British soldier and peer (1846–1937)

Colonel Henry Elliott Chevallier Kitchener, 2nd Earl Kitchener (5 October 1846 – 27 March 1937) was a British soldier and peer.

==Early life and career==
He was the eldest of five children born to Lieutenant-Colonel Henry Horatio Kitchener (1805–1894) and his first wife Anne Frances Chevallier (1826–1864). Among his siblings was the military commander Herbert Kitchener, 1st Earl Kitchener.

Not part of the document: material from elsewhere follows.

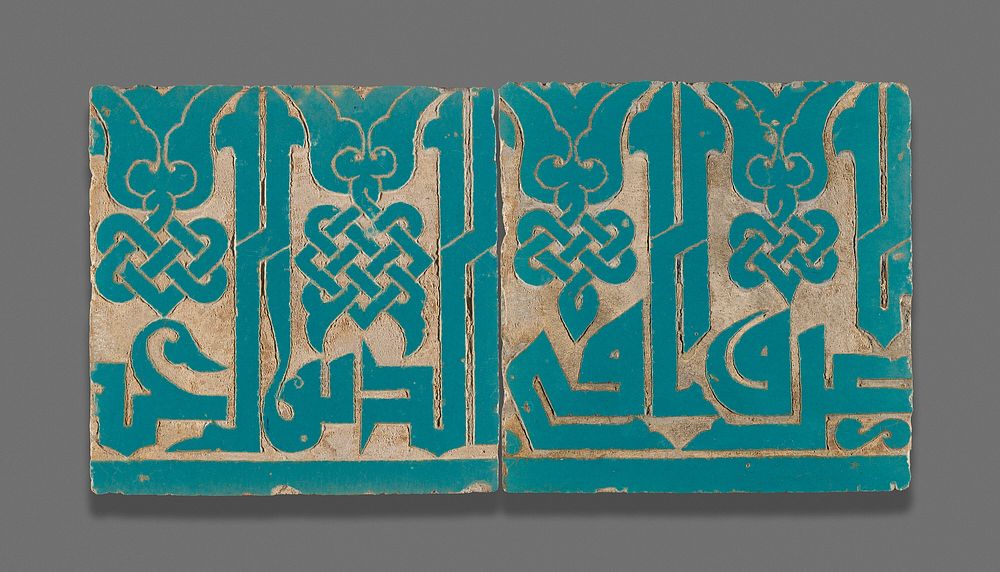 Inscribed Frieze Tiles (Set of Two) by Islamic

He spent his early life in Tralee in Ireland, where he and his siblings received their education from governesses and tutors. Kitchener joined the British Army in 1866 and was commissioned into the 46th (South Devonshire) Regiment of Foot, before joining the newly created Duke of Cornwall's Light Infantry when it was founded in 1881. During the Franco-Prussian War of 1870–71, he served alongside his brother in France. He served as garrison instructor at the Curragh Camp in Ireland from July 1876 until July 1878 and was appointed the instructor in military topography at the Royal Military College in 1879, a post he held until August 1886.

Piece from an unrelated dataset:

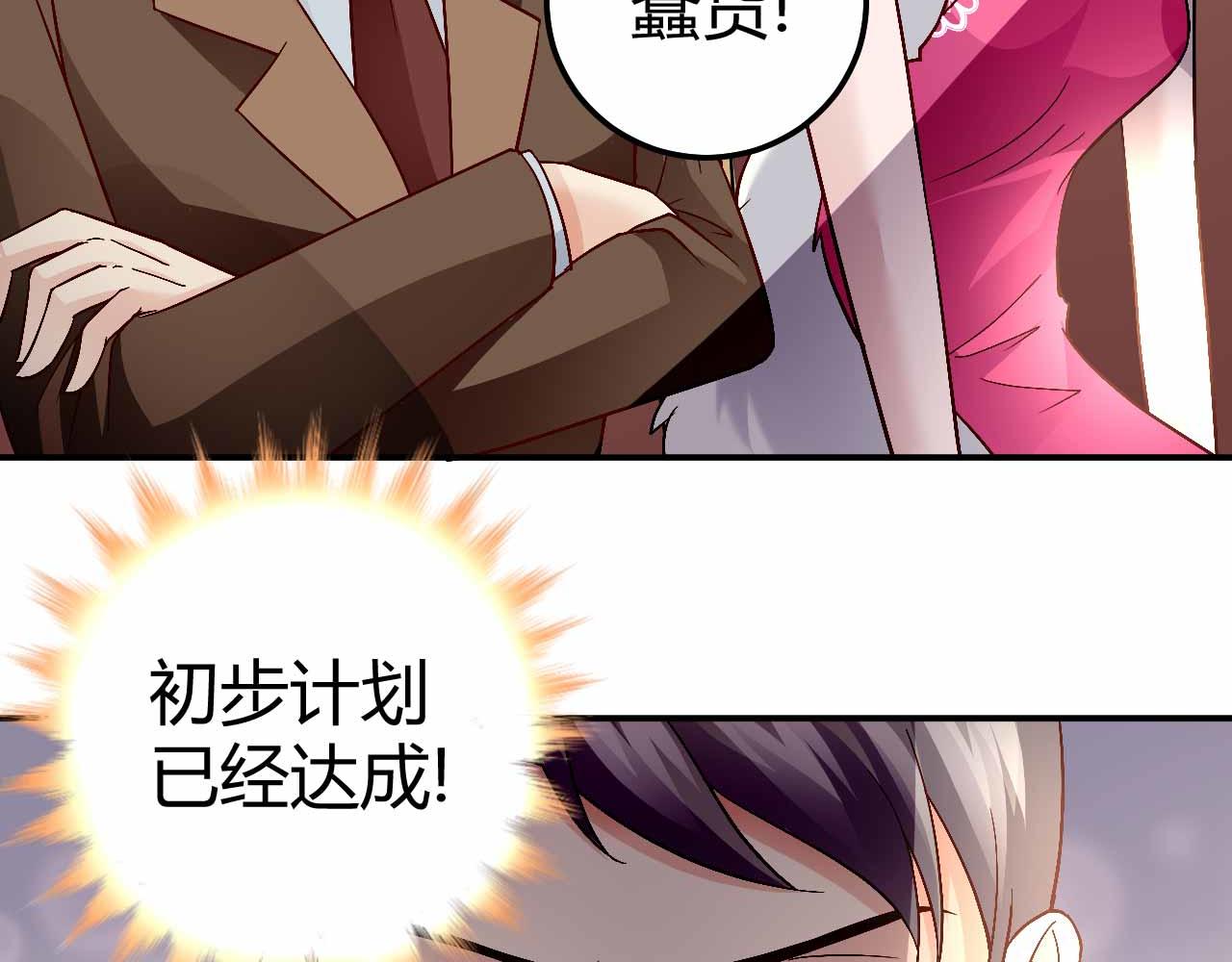 第八十八话(1/2)-第88话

He saw his first action in Burma with the British Army, where he was chief transport officer of the Field Force's during the Manipur Expedition in 1891. He was posted to Jamaica in December 1898, where he was appointed deputy assistant adjutant general for the British colony before receiving his final posting in the army when he was appointed commander of the Depot for the West India Regiment. He retired from the army in 1903 with the rank of colonel.

==Post-retirement==
After retiring he remained in Jamaica where he was a property owner. He became involved in local politics and contested the St Andrew Parish in the legislative council elections but was not elected.
With the outbreak of the First World War, he was recalled to the army and was posted to take up a command post in South West Africa; he was also put in command of a British Expeditionary Force sent to fight the Germans in East Africa. In accordance with a special remainder in the letters patent, he succeeded his younger brother as second Earl Kitchener on 5 June 1916. He left Jamaica to return to Britain in 1918. After the war he moved to Kenya where he was active in encouraging the settlement of war veterans in the British colony; he also developed a number of flax-producing estates there.

Kitchener was married in 1877 to Eleanor Fanny Lushington (died 1897), with whom he had a son and a daughter:

- Henry Franklin Chevallier Kitchener, Viscount Broome (17 Oct 1878 – 13 Jun 1928), commanded British naval forces at the Battle of Imbros during the First World War
- Lady Nora Fanny Kitchener (1882 – 10 May 1919)

His son and heir Henry Franklin Kitchener, Viscount Broome (1878–1928) predeceased him, so on his own death in 1937 in Nairobi, Kenya, his titles passed to his grandson Henry Herbert Kitchener.

His great-granddaughter Emma Joy Kitchener (born 1962) is the wife of actor Julian Fellowes, Baron Fellowes of West Stafford, and is a lady-in-waiting to Princess Michael of Kent.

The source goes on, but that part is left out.